The public release of an Air Force commissioned research paper about the possibilities of teleportation was met with some brief attention from the press and scorn from the scientific community.
"It is in large part crackpot physics," said physicist Lawrence Krauss of Case Western Reserve University. He described the Air Force report as "some things adapted from reasonable theoretical studies, and other things from nonsensical ones."
The fact remains that the idea of teleportation, the disembodied transport of objects across space, once restricted to the realm of paperback books and grade B science fiction movies, has finally staffed to receive attention from some scientists who are not afraid to "look outside of the box." Of course they risk being ostracized by their peers who despise such far-out thinking much as the early Church despised Galileo for declaring the Earth might not be the center of the universe.
Not all teleportation research, however, is getting the cold shoulder; there is an interesting field of research going on right now called Quantum Teleportation that has a lot of scientists excited about its future possibilities. True quantum teleportation involves an unknown quantum state entering a transmitting apparatus and a similar unknown state emerging from a remote receiving station. Quantum teleportation could be harnessed for fast, powerful computers or communication networks.
In 2004, researchers from the University of Vienna and the Austrian Academy of Science used an 800 meters long optical fiber fed through a public sewer system tunnel to connect labs on opposite sides of the River Danube. The link establishes a channel between the labs, dubbed Alice and Bob. This enables the properties, or "quantum states," of light particles to be transferred between the sender (Alice) and the receiver (Bob).
In the computers of tomorrow, this information would form the qubits (the quantum form of the digital bits 1 and 0) of data processing through the machines. The Austrian team encoded their qubits using a property of light particles, also called photons, known as polarization. This property describes the direction in which they oscillate.
Quantum teleportation relies on an aspect of physics known as "entanglement," whereby the properties of two particles can be tied together even when they are far apart. Einstein called it "spooky action at a distance."
The teleportation study used an experimental method in which Alice performs a joint measurement on one photon in the entangled pair and on an "input" photon. As a result of this measurement, Bob transforms the quantum state of the other photon in the entangled pair into that of the input photon.
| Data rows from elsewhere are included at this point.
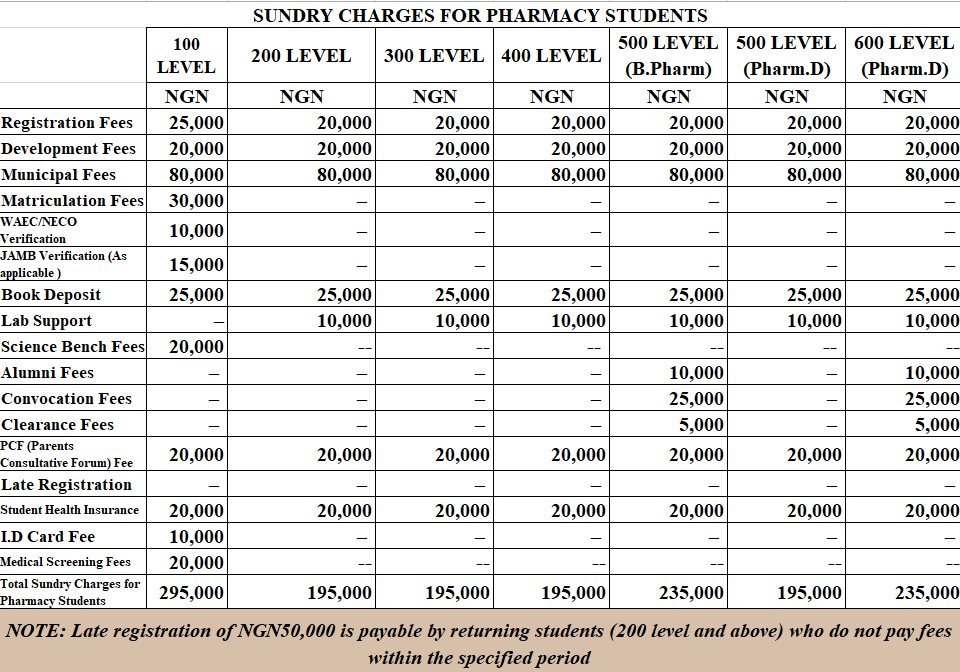 Pharmacy fee structure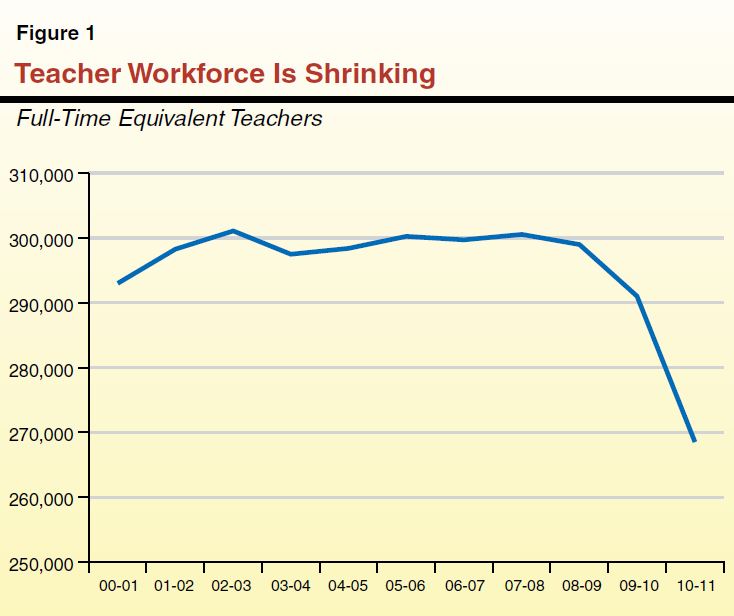 Figure 1 - Teacher Workforce is Shrinking Significantly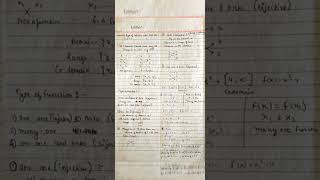 Relation and functions all formulas
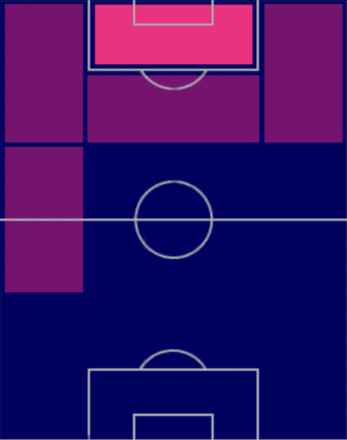 HPヴィクター・オシメーン(07/03)の適性ポジション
The researchers were able to teleport three distinct polarization states between Alice and Bob via the fiber-optic cable through the tunnel. The significance of this research was that it took place under "real world" conditions. In the underground sewer pipe tunnel, the fiber-optic link was exposed to temperature fluctuations and other envirorunental factors that could interfere with the process.
But let's be honest, we are only talking about small particles of light and energy being teleported with these experiments. Is this the best that our great minds have come up with so far? Or, is there something else going on that we're not being told?